Fibration Symmetries and Cluster Synchronization in Multi-Body Systems
Margherita Bertè, Tommaso Gili
TL;DR
The paper develops a framework connecting fibration symmetries in hypergraphs to cluster synchronization in higher-order Kuramoto models with frustration. By modeling HOI via incidence bipartite graphs, it shows that fibre partitions—derived from identical input structure—coincide with Kuramoto synchrony partitions under homogeneous conditions, and provides algorithms to compute and manipulate fibres. It analyzes both synthetic and real-world HOI datasets, demonstrating how representation choices affect observed synchronization patterns. The work also offers topology-modification strategies, including sparsification and structured edge additions, to recover or enforce desired symmetries in noisy or incomplete data, highlighting practical pathways for symmetry-guided clustering and control in complex HOI systems.
Abstract
Based on recent advances in fibration symmetry theory, we investigate how structural symmetries influence synchronization in systems with higher-order interactions (HOI). Using bipartite graph representations, we identify a node partition in fibres, based on equivalent incidence relations in hypergraphs. We study how identical nodes with an isomorphic input set can synchronize due to structural properties under our specific model assumptions, examining the dynamical model of Kuramoto with higher-order interactions and frustration parameters.
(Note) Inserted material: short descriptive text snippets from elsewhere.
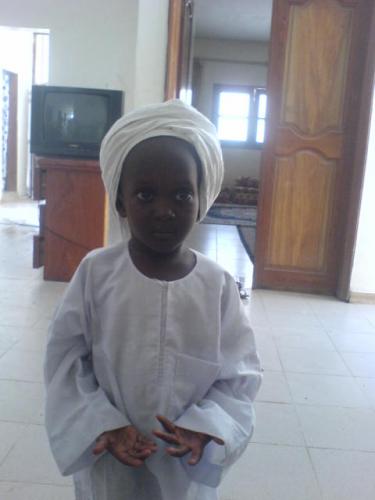 cheikh amin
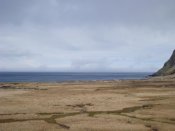 DSC08959.jpg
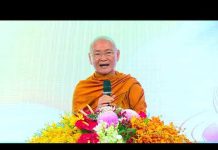 Cốt lõi của Phật giáo – Thích Viên Minh
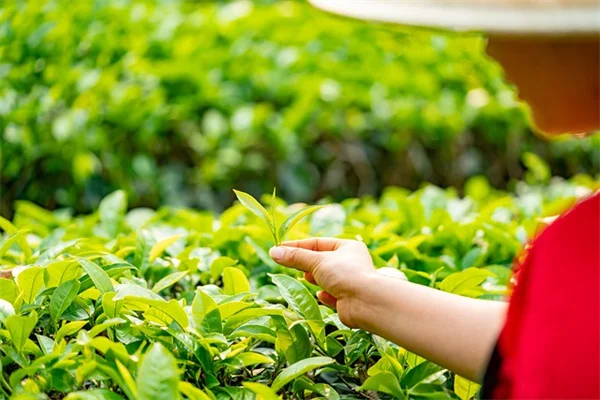 中西部でバラを育てるなら実は簡単な方法がある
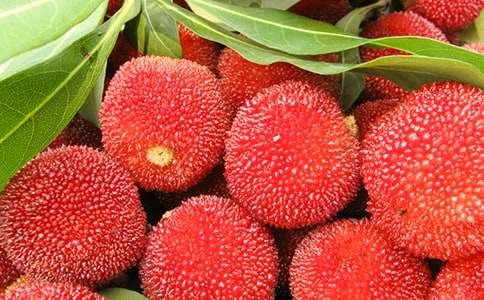 �Ґ۹��l(xi��ng)��÷����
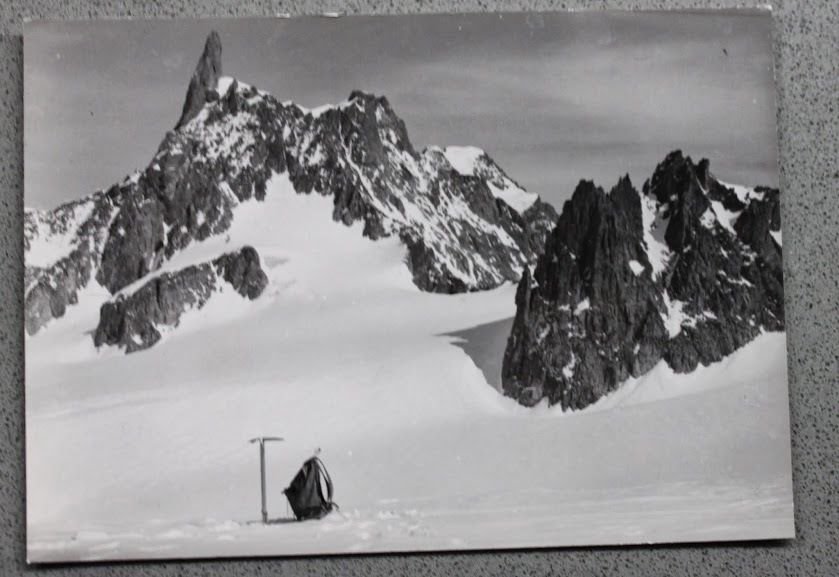Foto Montagna Valle d'Aosta 1950 ca - Courmayeur Dente del …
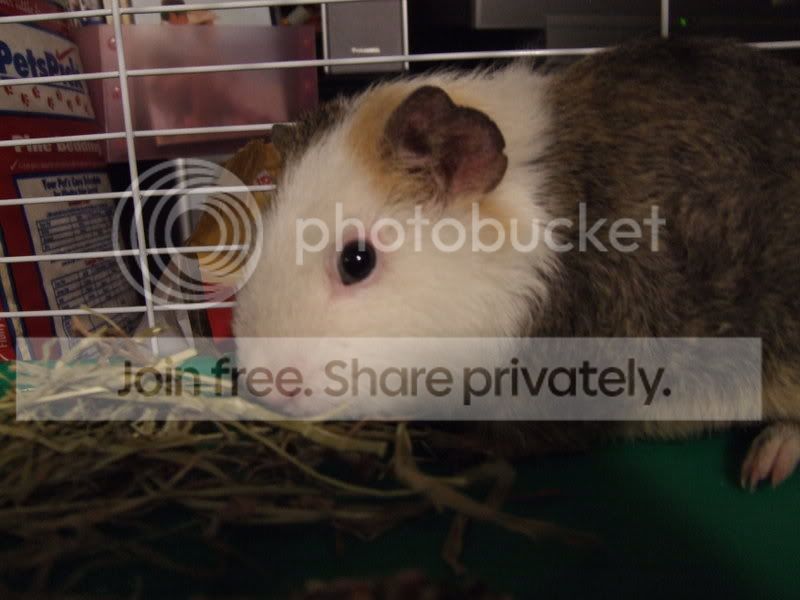 tobyandgilbert065.jpg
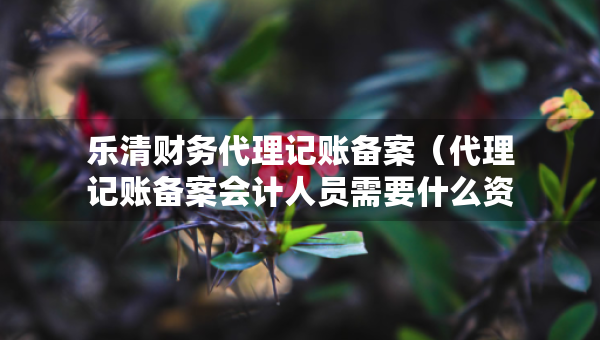 樂清財(cái)務(wù)代理記賬備案（代理記賬備案會(huì)計(jì)人員需要什么資料）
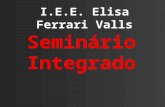 Seminário interdisciplnar I.E.E. Elisa Ferari Valls 11D
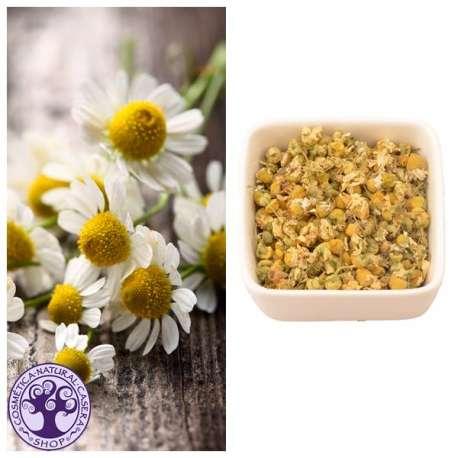 Bio-Kamillenblüten Camassia, 50 g
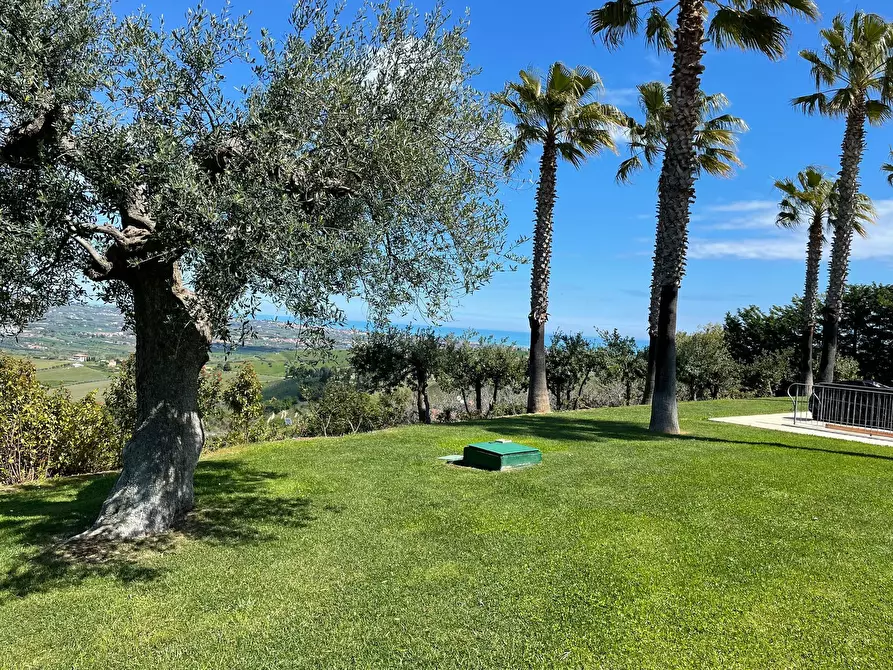 Immagine 10 di Casa indipendente in vendita  a Morro D'oro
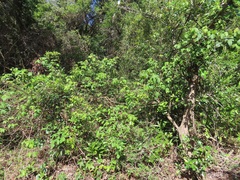 Gossypioides kirkii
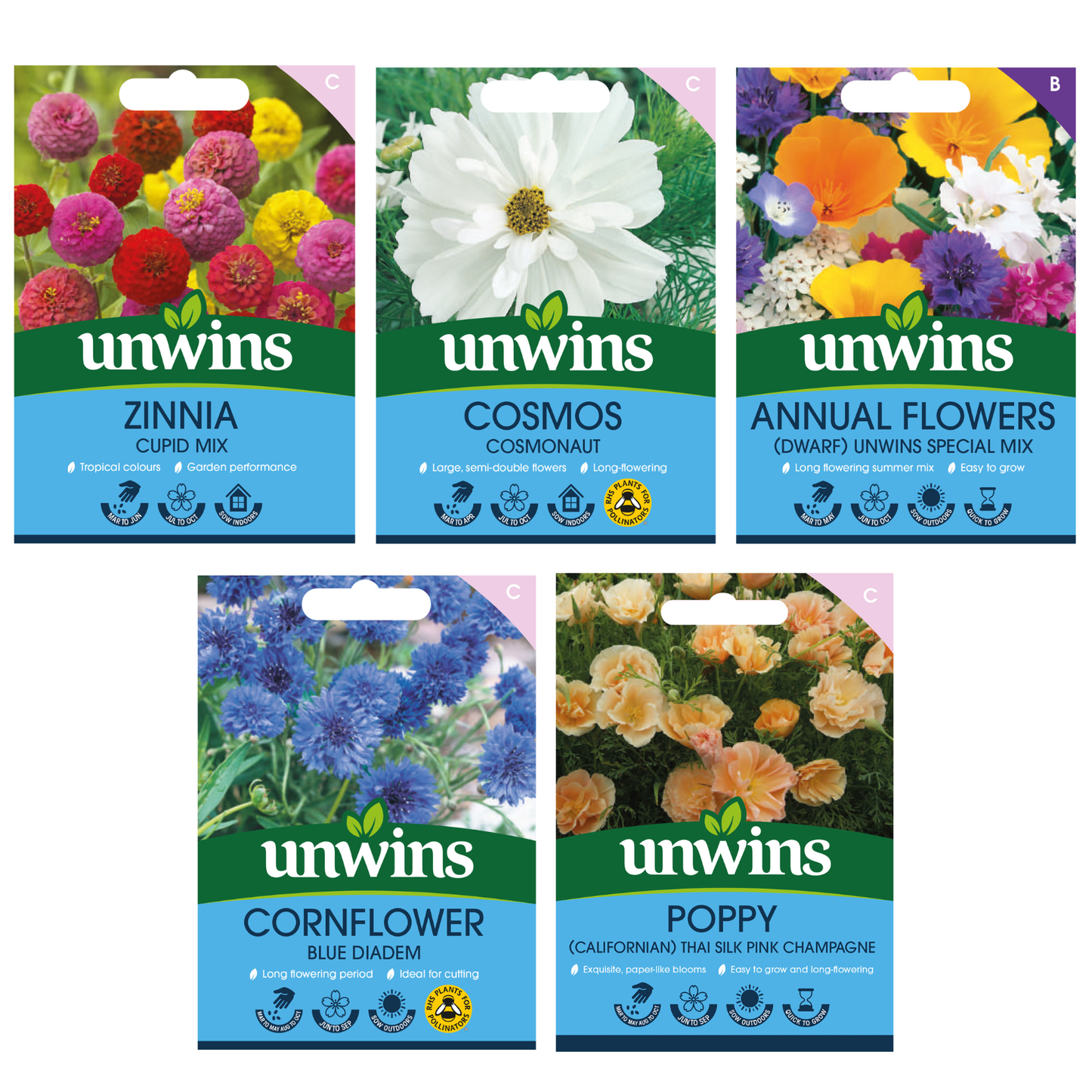 Unwins Easy Annuals Seed Bundle for Beginners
Recent works established for directed hypergraphs that balanced partitions characterize robust synchrony, invariant under all admissible dynamics, whereas our contribution isolates the case of Kuramoto dynamics and shows that synchrony under homogeneous initial conditions and natural frequencies necessarily coincides with the fibration partition. As a conclusion, let us examine situations that require adjustments to the hypergraph topology to handle redundancy or to align with a target cluster configuration, especially in the presence of noise or incomplete information. These considerations open up new questions for future investigations. Our methodology combines theoretical modeling and simulations with applications to real-world data topologies, highlighting how representational choices and local input equivalence influence synchronization behavior.